Cosa resterà della guerra in Ucraina? È presto per dirlo. La guerra non è ancora finita e, nonostante ci siano alcuni flebili segnali che indichino che questa si stia avviando verso la sua conclusione, sono ancora possibili sorprese ed epiloghi imprevedibili.

Molto dipenderà da come finirà la guerra e dalle conseguenze che la sua conclusione  avrà sullo scenario internazionale nei prossimi decenni. Eppure ci sono alcuni “lasciti” del conflitto che già meriterebbero di entrare nei libri di storia, in grado di fungere da indicazioni per il futuro.

Il primo concerne sicuramente l’aspetto militare. Nel corso di un secolo siamo passati dalla guerra di trincea a quella di movimento e a quella asimmetrica della seconda meta del Novecento. Quella in Ucraina è diversa dalle precedenti. Si tratta di una guerra ad alta intensità condotta tra una superpotenza a trazione militare e una nazione che, anche se è quasi privo di una trazione bellica, non è un Paese del terzo mondo ed è appoggiato da altre potenze e dagli Stati Uniti, un’altra superpotenza militare. Artiglieria, razzi, missili e droni stanno governando le battaglie con un consumo di munizionamento enorme (si dice che l’Ucraina consumi in pochi giorni in media la produzione di un anno di bombe a mano da parte degli americani). La Russia sta continuando a sostenere i combattimenti solo grazie alle immense riserve di munizioni e carri armati che conservava nei depositi ma ha dovuto comunque ricorrere a forniture esterne (dall’Iran e dalla Corea del Nord) per rimpinguare le scorte.
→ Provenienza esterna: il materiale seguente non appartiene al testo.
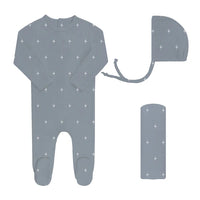 Rosebud/Diamond Layette Set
L’Ucraina sta continuando a resistere e a contrattaccare solo grazie agli ingenti aiuti forniti dalla NATO e dagli USA, o avrebbe già esaurito da mesi le sue capacità difensive e offensive.

La dottrina militare dovrà tener conto degli insegnamenti emersi in questa guerra e soprattutto della necessità di disporre di scorte adeguate di mezzi, equipaggiamenti, risorse e munizionamento. Allo stesso modo, dovrà tener conto dell’efficacia dimostrata dall’impiego massiccio dei droni turchi e iraniani, cioè di armi pericolossisime ed efficaci guidate da remoto.

Il secondo riguarda l’aspetto sociale e comunicativo. La guerra in Vietnam fu la prima trasmessa in tv e quella in Iraq su internet. Quella in Ucraina è stata sicuramente la prima che ha avuto una risonanza mediatica enorme grazie ai social. E non solo. Il conflitto si è combattuto su queste piattaforme grazie alla capacità – soprattutto russa – di predisporre una apparato di disinformazione che aveva l’obiettivo di disgregare il fronte nemico, attraverso l’instaurazione di un rapporto di sfiducia dei cittadini nei confronti delle istituzioni.

Un altro aspetto, di tipo psicologico, ed è quello relativo alla rottura dell’illusione che in Europa non fosse più possibile vedere una guerra. Gli europei si sentivano al sicuro da ogni tipo di minaccia grazie ai settant’anni di pace garantiti dall’UE e dalla pax americana. Non è così. La guerra è una costante della storia – tanto che con quella in Ucraina si parla di “ritorno della storia” – e unica vera condizione in grado di influire in modo permamente sul succedersi degli eventi.

Infine, un altro aspetto importante è quello della narrazione. Quella occidentale è diventata logora e poco credibile, e la prova n’è sicuramente la penetrazione ideologica di quella russa – che ha conquistato buona parte della popolazione dell’Europa – contribuendo a diffondere sfiducia nei confronti delle istituzioni statali schierate a favore dell’Ucraina e contrarietà al conseguendo supporto militare. Urge un riposizionamento dei valori occidentali e una nuova narrazione che poggi soprattutto su pragmatismo e realismo. Dopo la Russia ci sarà la Cina e per l’Occidente non sarà uno scherzo.

Per essere una guerra che dura da meno di un anno, il suo lascito è abbastanza corposo. Si spera sia anche istruttivo.